An initial public offering (IPO) or stock market launch is a type of
public offering where shares of stock in a company are sold to the general
public, on a securities exchange, for the first time. Through this process, a
private company transforms into a public company. Initial public
offerings are used by companies to raise expansion capital, to
possiblymonetize the investments of early private investors, and to
become publicly traded enterprises. A company selling shares is never
required to repay the capital to its public investors. After the IPO, when
shares trade freely in the open market, money passes between public
investors. Although an IPO offers many advantages, there are also
significant disadvantages.
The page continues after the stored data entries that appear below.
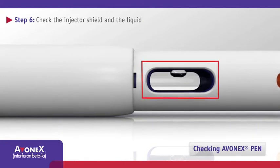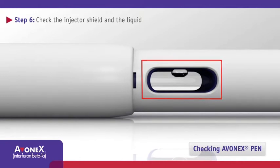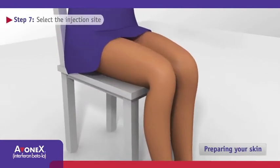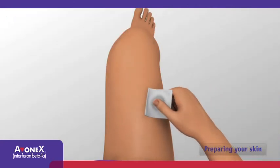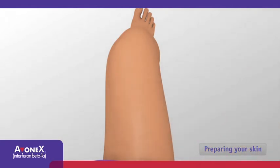Look through the oval medication display window and make sure the liquid is clear and colourless. It is normal for one or more air bubbles to appear in the display window. Place Avonex Pen on a clean, flat work surface. Avonex Pen should be injected into your upper outer thigh. Use a different injection site and alternate between the left and right thigh each week. If you need to, use an alcohol wipe to clean the skin at the injection site where you intend to give the injection. Allow the skin to dry.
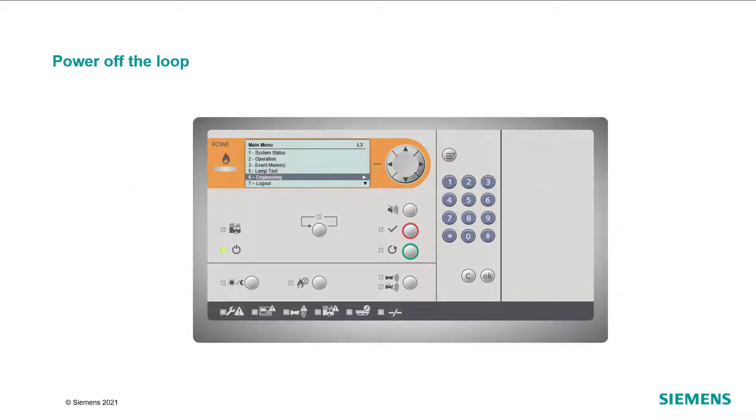First, open the menu on the FC360 panel and navigate to Engineering in the main menu. Confirm with OK. Then, go to Detector line and confirm with OK. Go to Power off and confirm with OK. Now, select the detection line which you would like to switch off, and confirm your selection with OK twice.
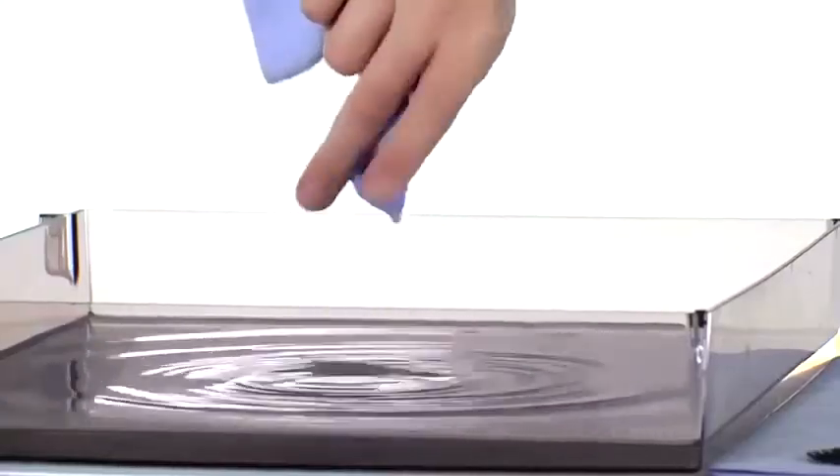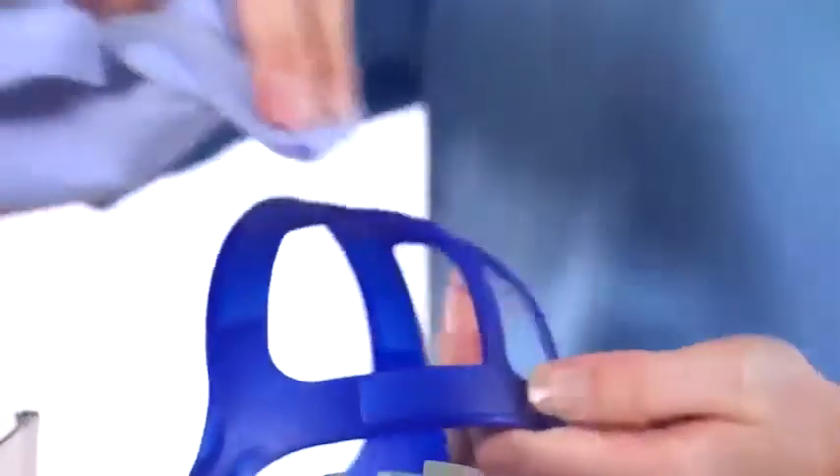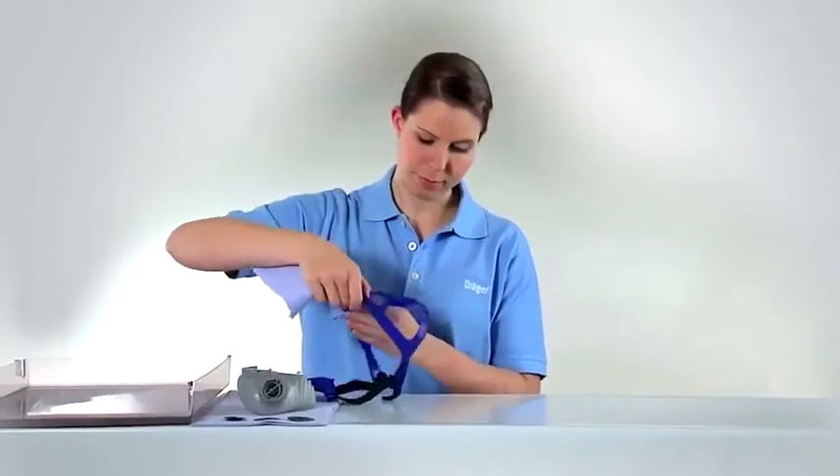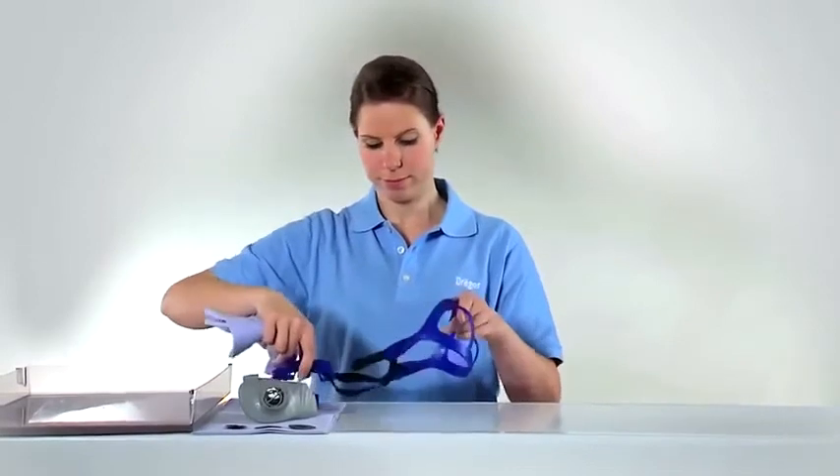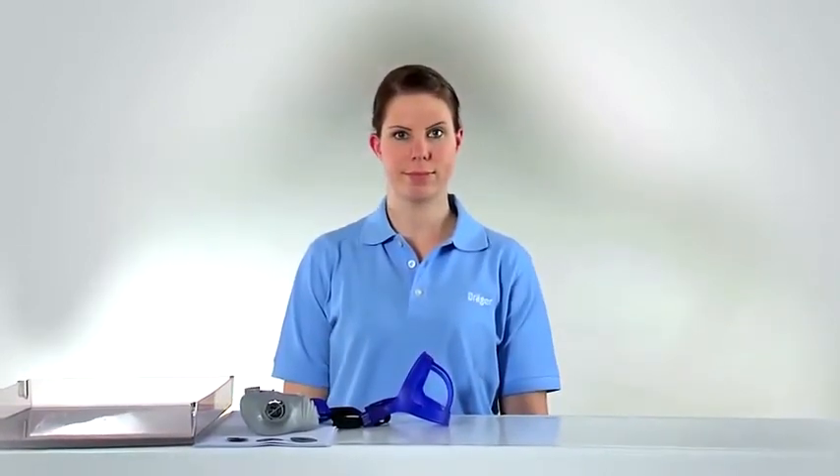The mask body and head harness should be cleaned with an all-purpose detergent and rinsed in lukewarm water. For recommended detergent, see the IFU. In addition to the cleaning, a disinfecting should follow using the disinfectants listed in the IFU. Afterwards, rinse thoroughly in running water.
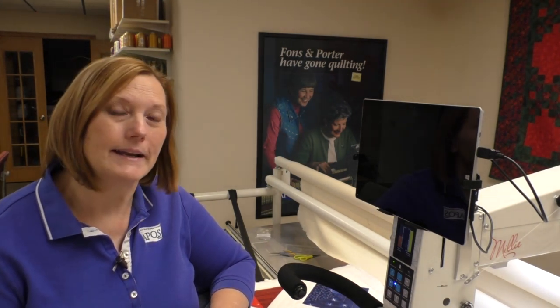Hi, I'm Dawn Cavanaugh, APQS Education Director and Customer Service Manager. Today we're going to talk about how to start and stop your thread tails, or your beginning and ending stitches.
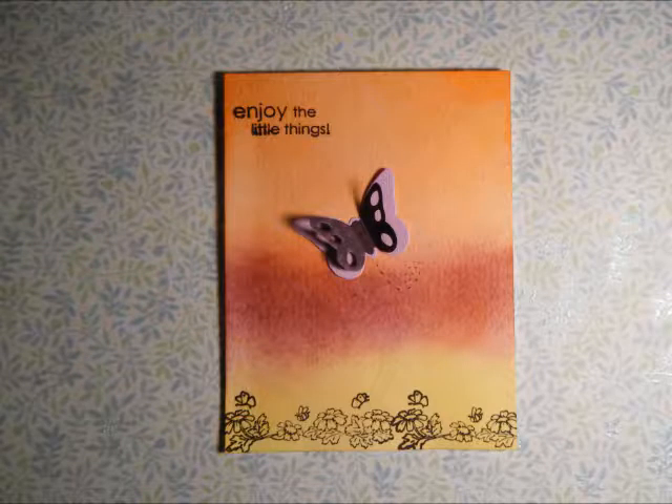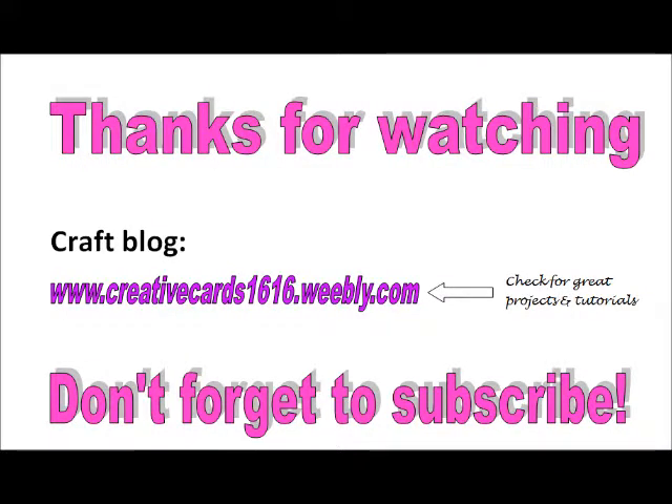I decided to stamp a flower border at the bottom of the card to go along with the butterfly, and I also added a sentiment that said "enjoy the little things." If you enjoyed this card share video then give it a thumbs up and don't forget to subscribe.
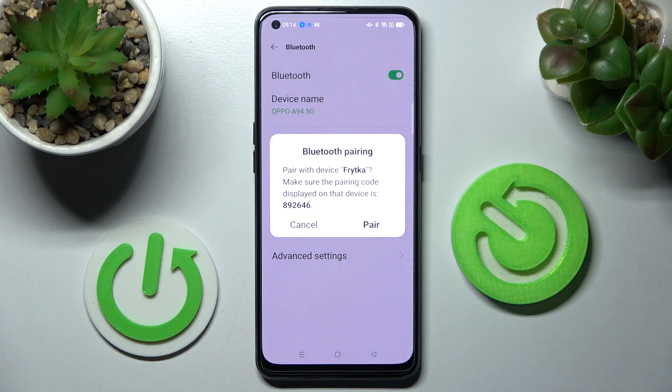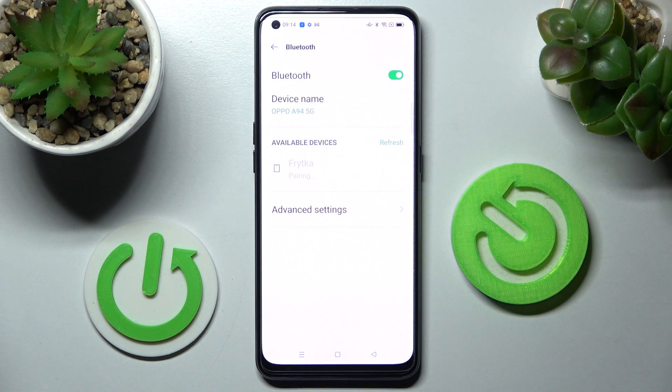If you wish to continue, you need to select Pair in this pop-up and wait for the other device to accept your connection request.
Chief among these are the costs associated with
the process, and the requirement to disclose certain information that could
prove helpful to competitors, or create difficulties with vendors. Details
of the proposed offering are disclosed to potential purchasers in the form
of a lengthy document known as a prospectus. Most companies
undertaking an IPO do so with the assistance of an investment banking
firm acting in the capacity of an underwriter. Underwriters provide a
valuable service, which includes help with correctly assessing the value
of shares (share price), and establishing a public market for shares (initial
sale). Alernative methods, such as the dutch auction have also been
explored. The most notable recent example of this method is the Google
IPO. China has recently emerged as a major IPO market, with several of
the largest IPO offerings taking place in that country.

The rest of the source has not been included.